Data excerpts section start
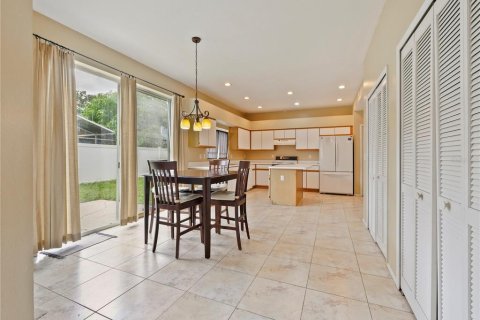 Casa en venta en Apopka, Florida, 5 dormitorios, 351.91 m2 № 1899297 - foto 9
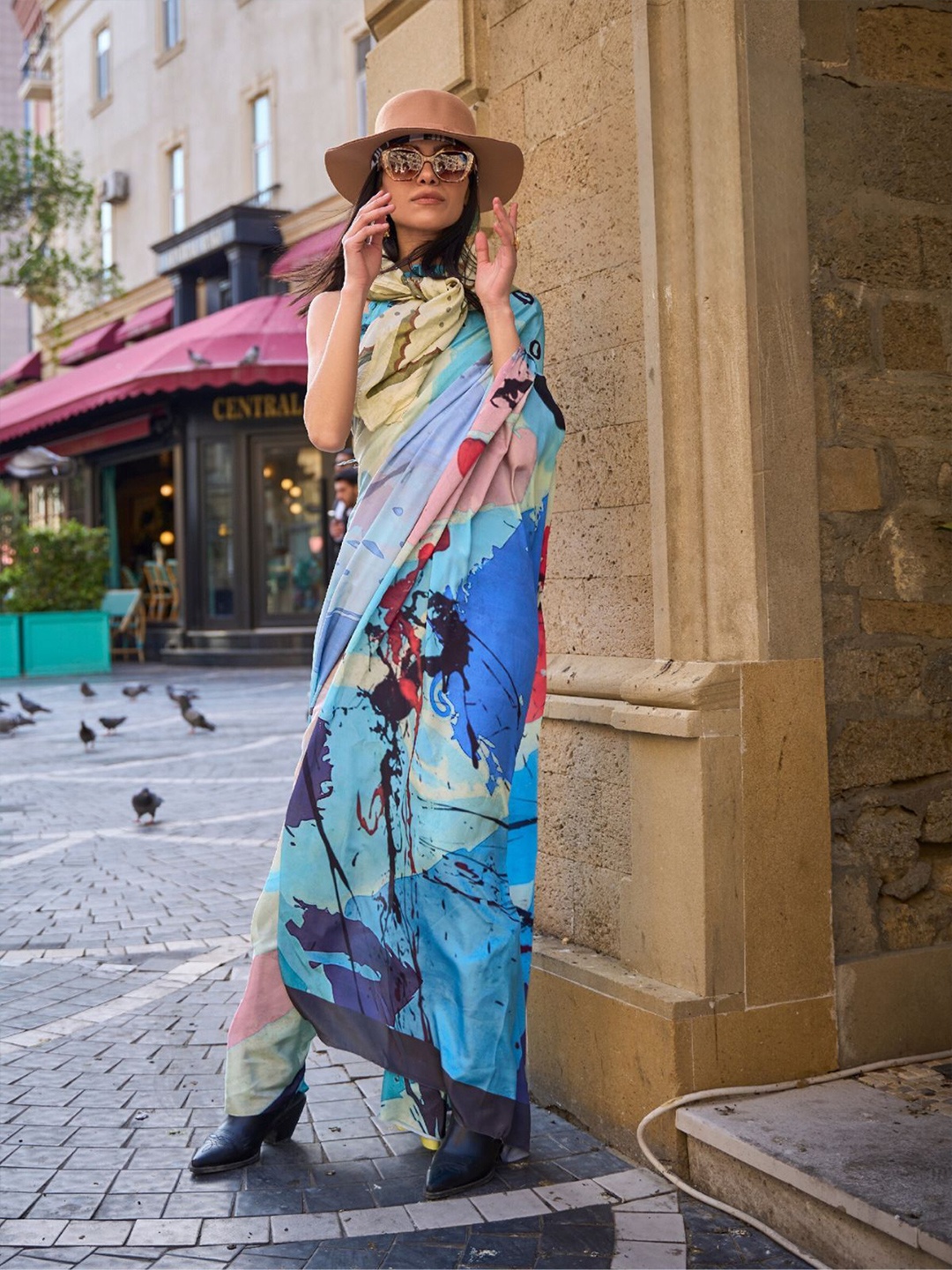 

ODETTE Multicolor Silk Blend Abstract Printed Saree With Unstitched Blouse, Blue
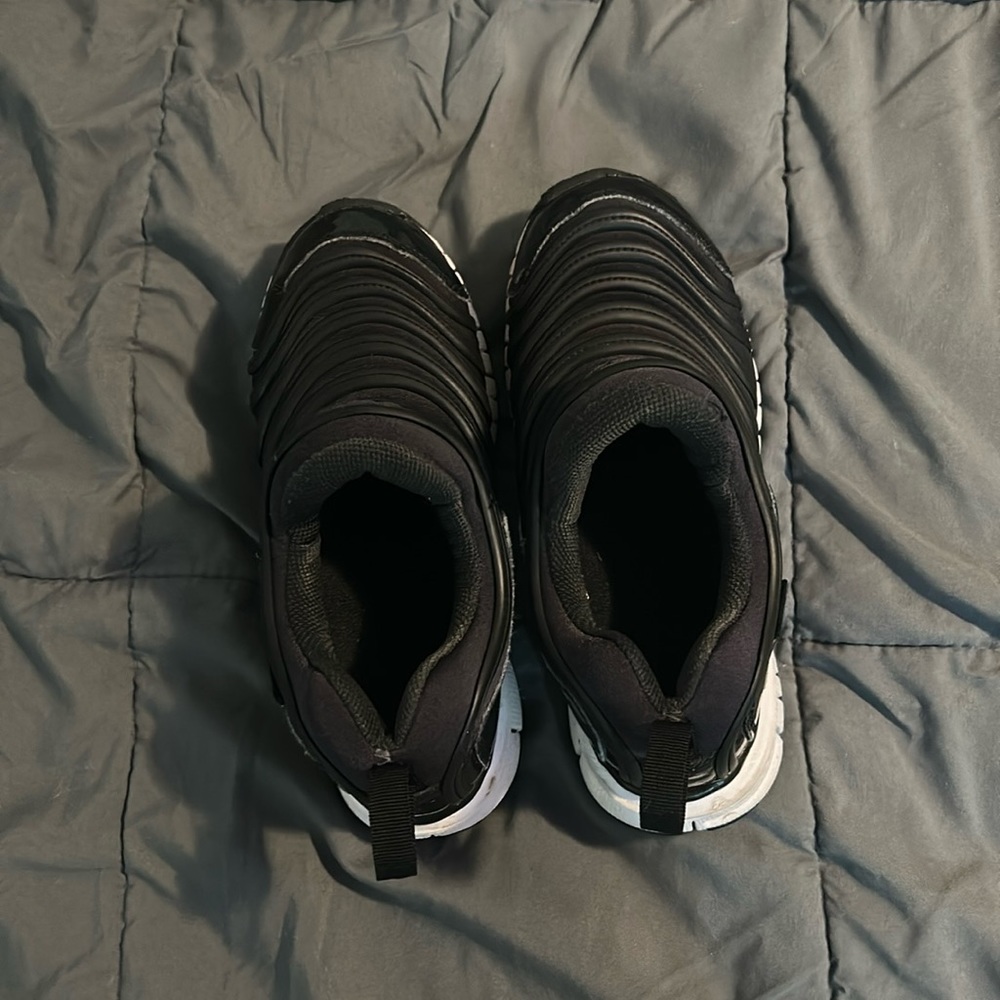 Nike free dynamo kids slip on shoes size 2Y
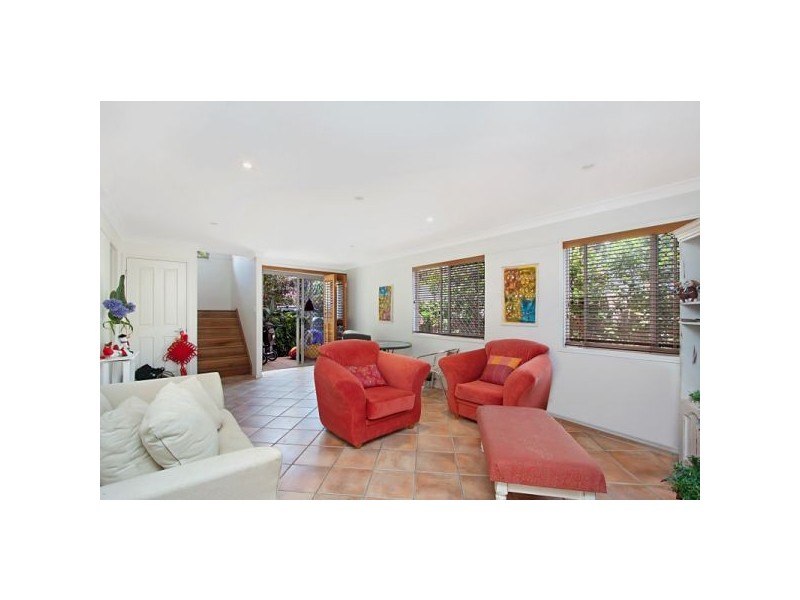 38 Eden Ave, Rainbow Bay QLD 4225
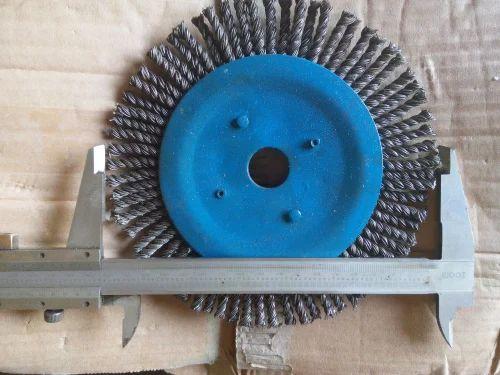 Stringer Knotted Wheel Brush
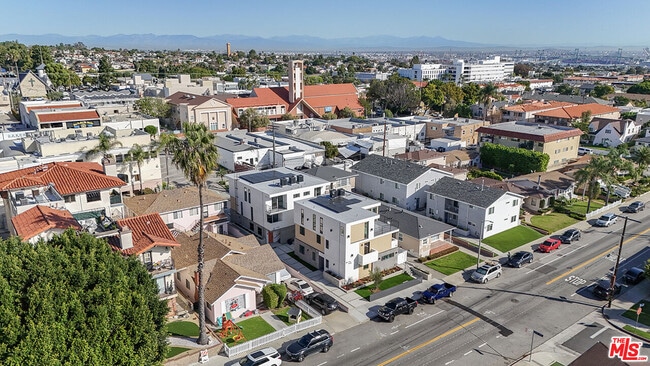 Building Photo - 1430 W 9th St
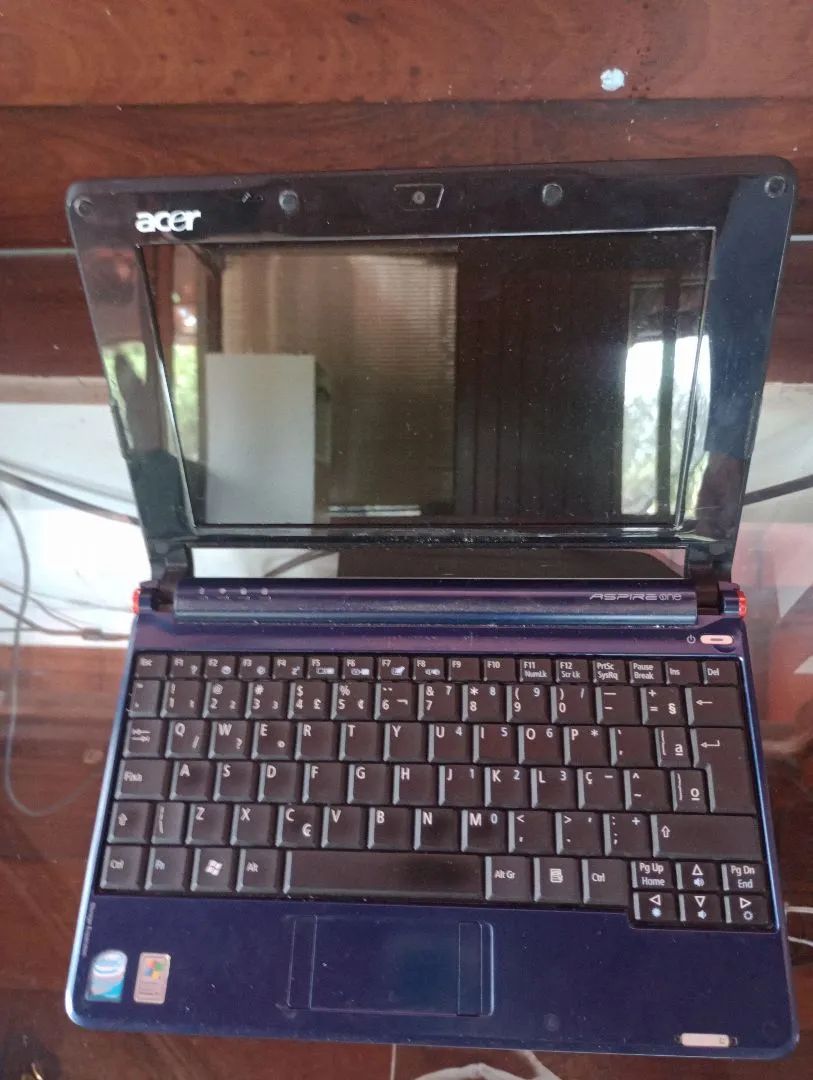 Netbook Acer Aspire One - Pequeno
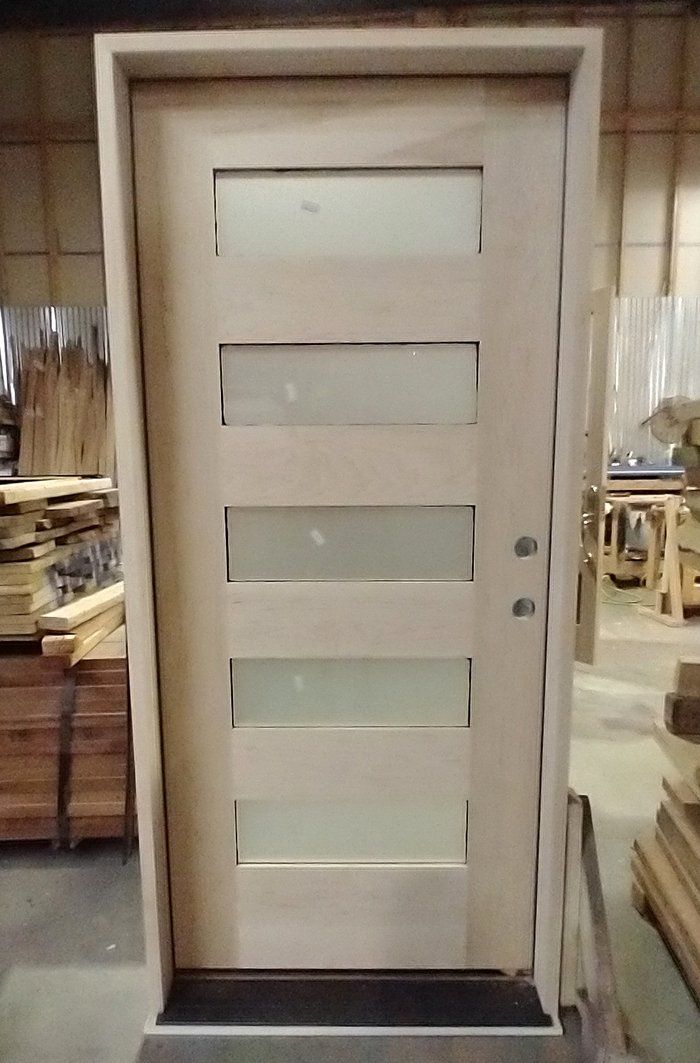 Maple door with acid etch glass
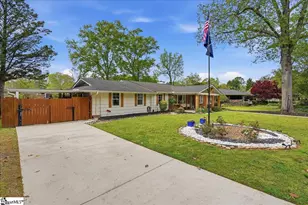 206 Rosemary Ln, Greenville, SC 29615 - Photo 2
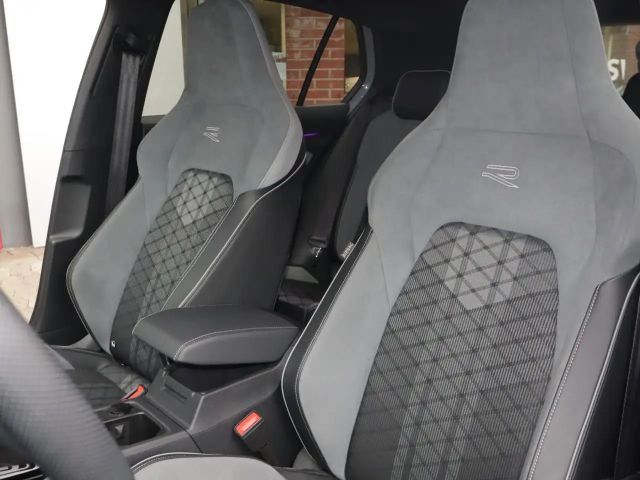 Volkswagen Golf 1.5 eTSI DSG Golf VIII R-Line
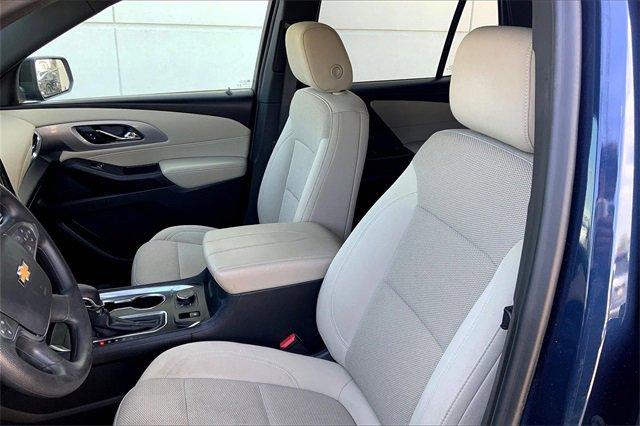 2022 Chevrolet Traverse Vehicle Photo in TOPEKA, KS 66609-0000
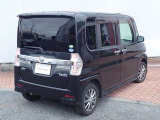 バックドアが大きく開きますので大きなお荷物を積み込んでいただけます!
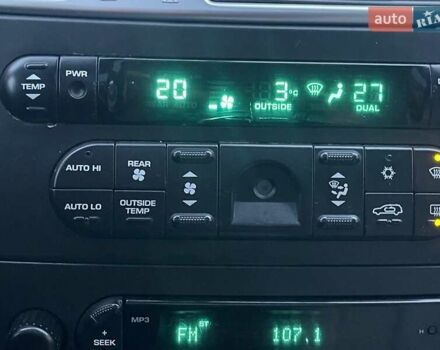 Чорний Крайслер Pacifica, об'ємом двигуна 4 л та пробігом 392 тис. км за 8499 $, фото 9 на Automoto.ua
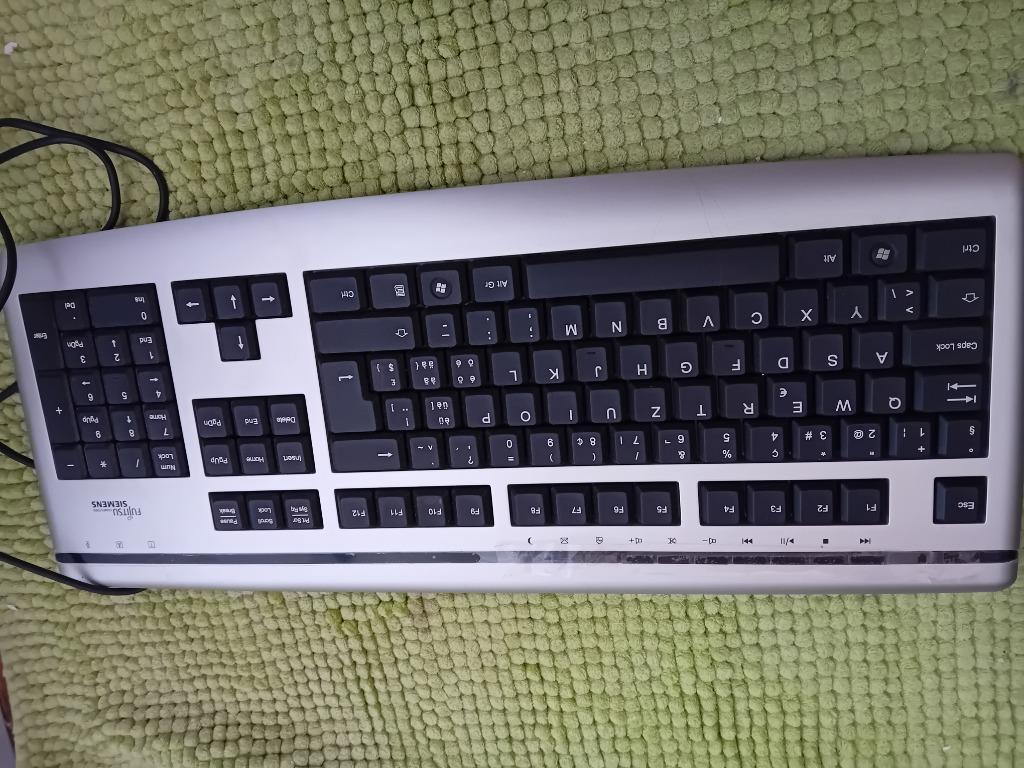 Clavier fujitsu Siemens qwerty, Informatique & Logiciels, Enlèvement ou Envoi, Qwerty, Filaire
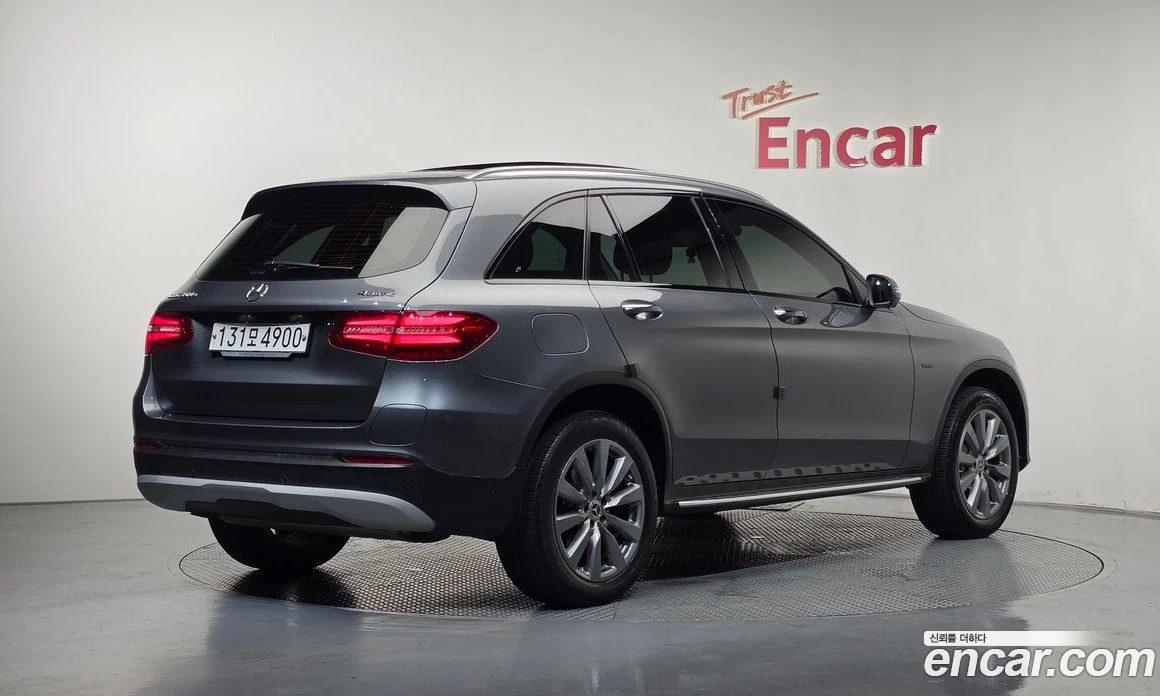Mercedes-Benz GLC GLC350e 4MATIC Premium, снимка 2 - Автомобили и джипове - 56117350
Data excerpts section end
Work task →
Leave out the pictures and return the listing exactly.

Exercise response →
 Casa en venta en Apopka, Florida, 5 dormitorios, 351.91 m2 № 1899297 - foto 9

ODETTE Multicolor Silk Blend Abstract Printed Saree With Unstitched Blouse, Blue
 Nike free dynamo kids slip on shoes size 2Y
 38 Eden Ave, Rainbow Bay QLD 4225
 Stringer Knotted Wheel Brush
 Building Photo - 1430 W 9th St
 Netbook Acer Aspire One - Pequeno
 Maple door with acid etch glass
 206 Rosemary Ln, Greenville, SC 29615 - Photo 2
 Volkswagen Golf 1.5 eTSI DSG Golf VIII R-Line
 2022 Chevrolet Traverse Vehicle Photo in TOPEKA, KS 66609-0000
 バックドアが大きく開きますので大きなお荷物を積み込んでいただけます!
 Чорний Крайслер Pacifica, об'ємом двигуна 4 л та пробігом 392 тис. км за 8499 $, фото 9 на Automoto.ua
 Clavier fujitsu Siemens qwerty, Informatique & Logiciels, Enlèvement ou Envoi, Qwerty, Filaire
Mercedes-Benz GLC GLC350e 4MATIC Premium, снимка 2 - Автомобили и джипове - 56117350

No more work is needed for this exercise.